** Extracted material follows **
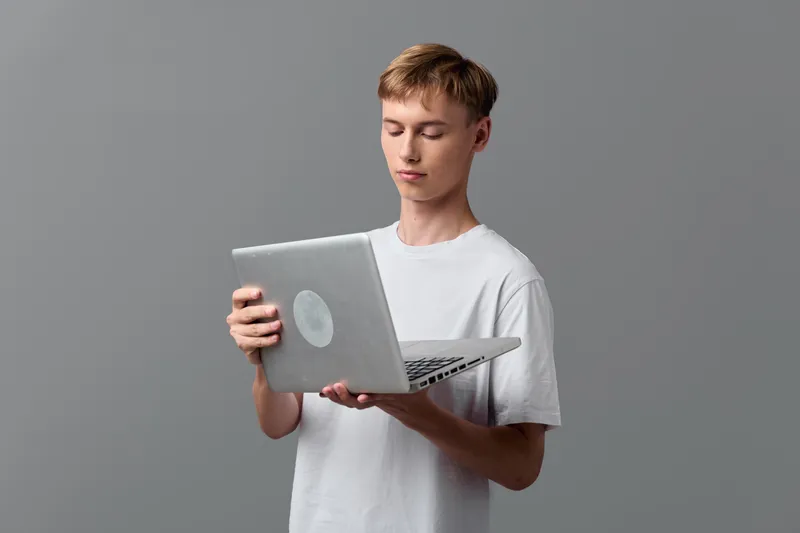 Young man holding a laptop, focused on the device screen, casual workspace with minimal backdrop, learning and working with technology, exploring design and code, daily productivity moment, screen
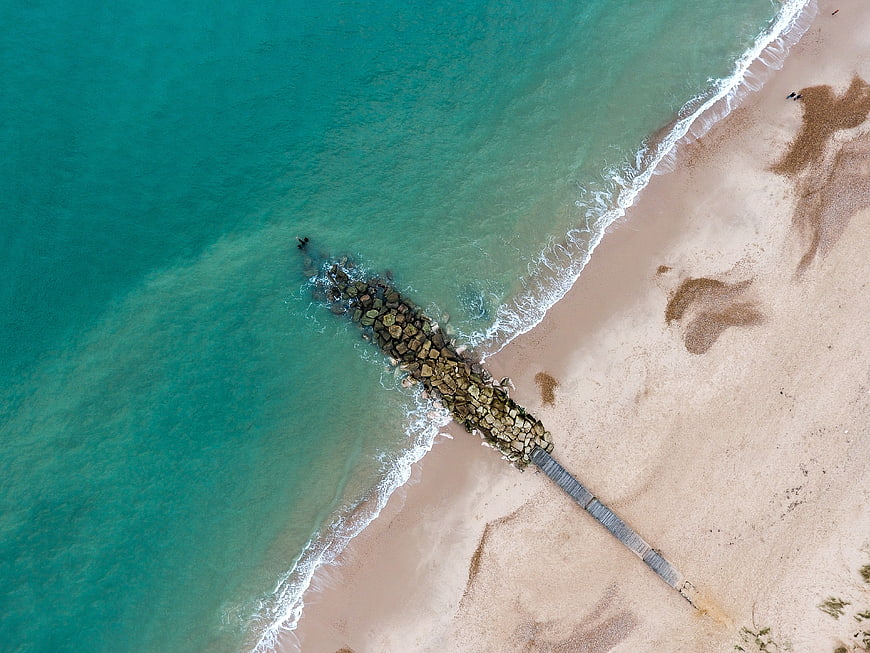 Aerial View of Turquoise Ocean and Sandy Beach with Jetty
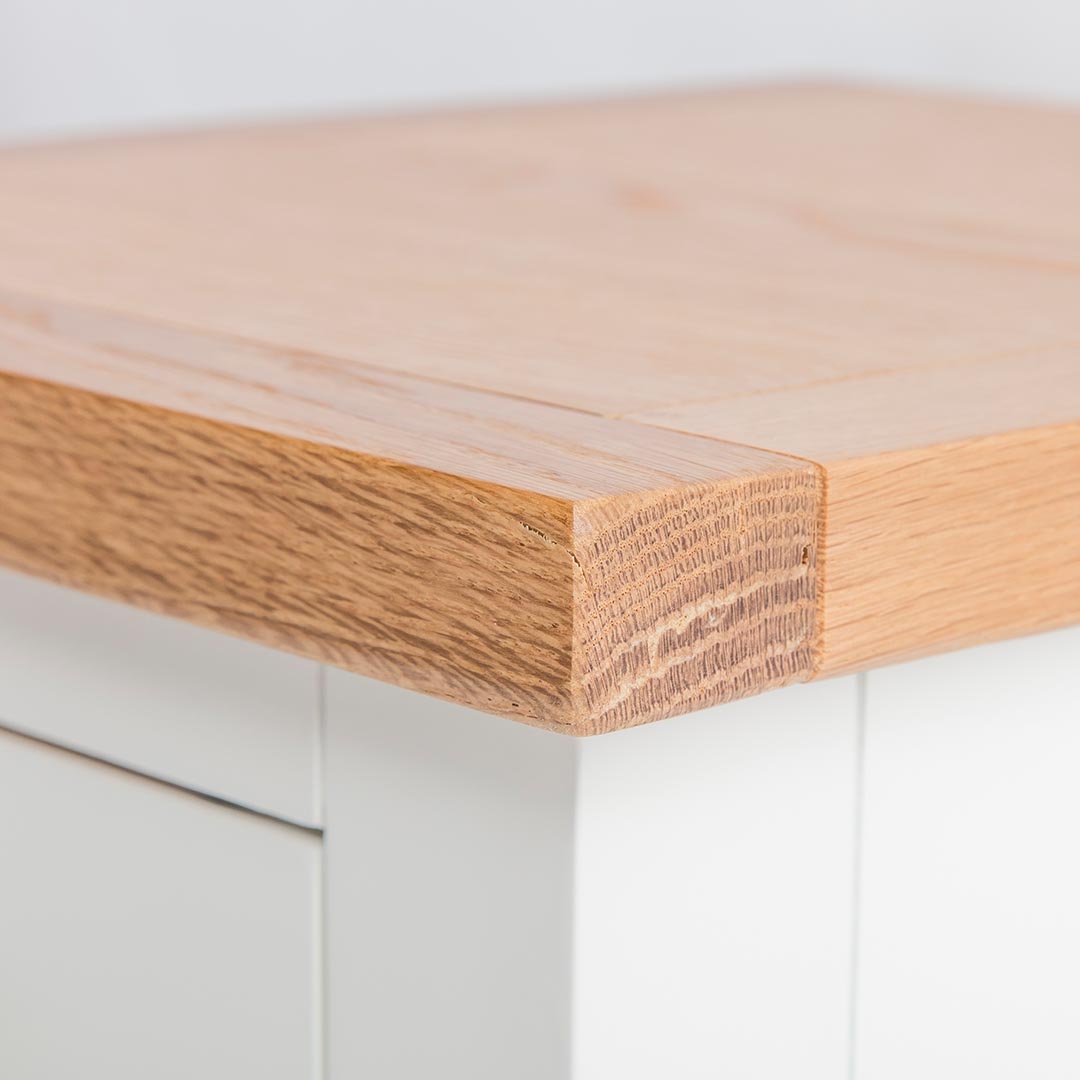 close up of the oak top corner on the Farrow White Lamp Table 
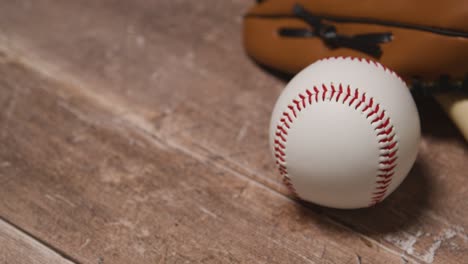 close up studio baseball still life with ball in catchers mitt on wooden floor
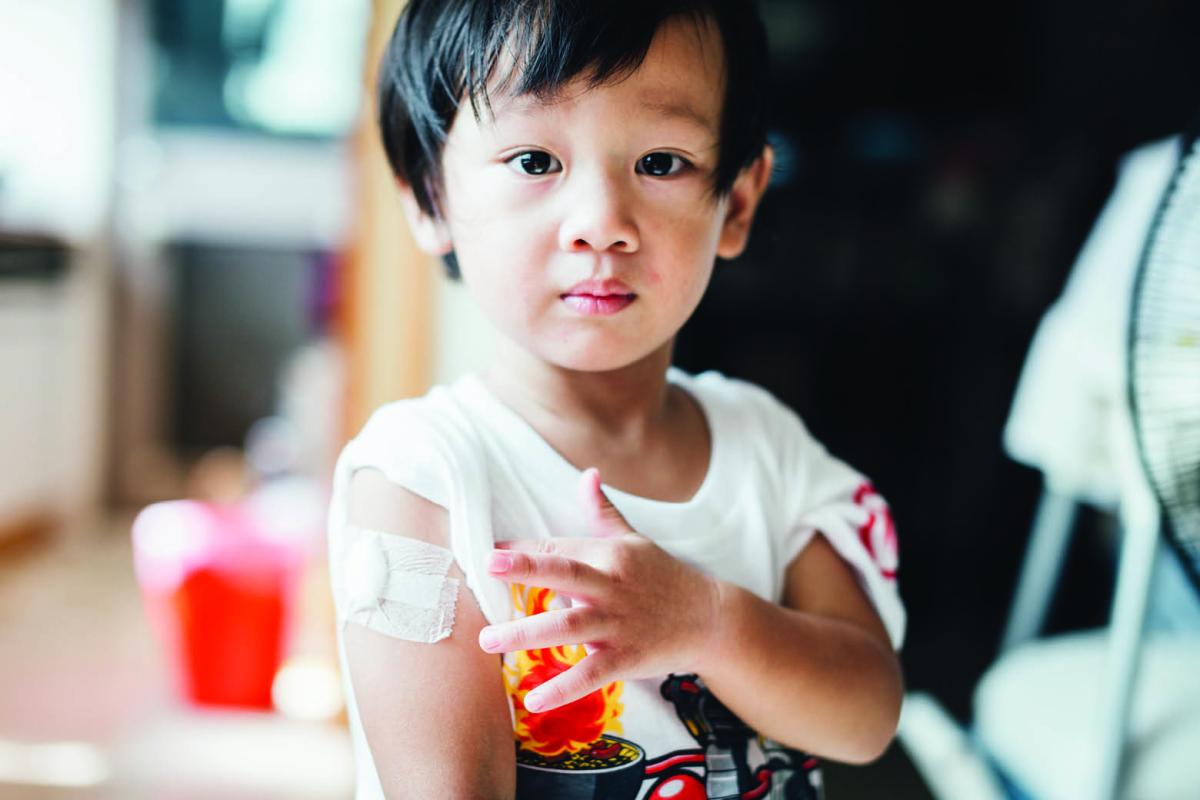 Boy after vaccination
** End of Extracted material **
** Extracted material follows **
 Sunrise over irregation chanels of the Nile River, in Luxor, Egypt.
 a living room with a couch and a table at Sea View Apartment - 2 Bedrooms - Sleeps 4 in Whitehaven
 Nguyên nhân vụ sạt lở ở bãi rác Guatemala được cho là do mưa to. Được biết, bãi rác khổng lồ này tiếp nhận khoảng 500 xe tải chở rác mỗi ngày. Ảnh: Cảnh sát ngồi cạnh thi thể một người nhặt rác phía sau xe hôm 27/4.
** End of Extracted material **
◆ Exercise ◆
Only one stretch of the listing above is to be duplicated: the lines from the one containing "close up of" through the one containing "Boy after vaccination", both included. Copy them exactly, minus the pictures.

◆ Reply ◆
 close up of the oak top corner on the Farrow White Lamp Table 
 close up studio baseball still life with ball in catchers mitt on wooden floor
 Boy after vaccination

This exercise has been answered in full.